> EXERCISE DATA:

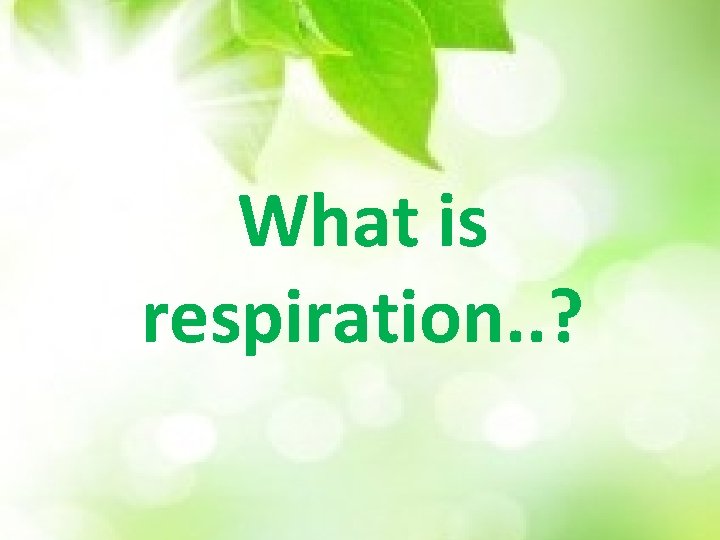 What is respiration. . ? 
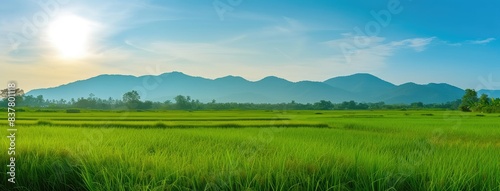 Sunrise Over Vibrant Green Rice Paddy Fields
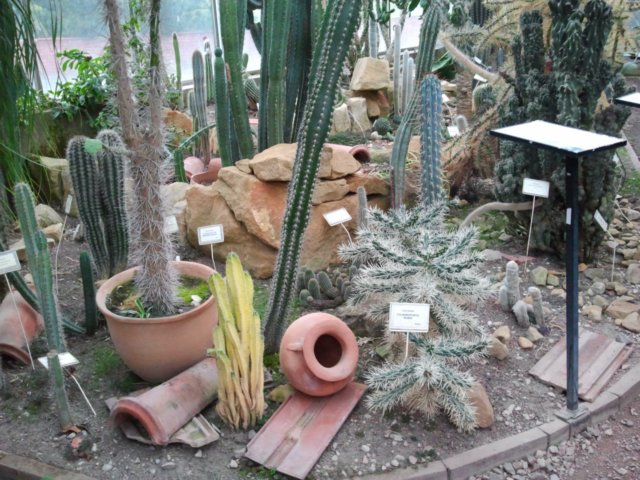 ogrdbotanicznywpowsinie12092012.jpg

> WHAT YOU ARE ASKED TO DO: In the copy you write, the data above must appear exactly, with no pictures.

> EXERCISE RESULT:
 What is respiration. . ? 
 Sunrise Over Vibrant Green Rice Paddy Fields
 ogrdbotanicznywpowsinie12092012.jpg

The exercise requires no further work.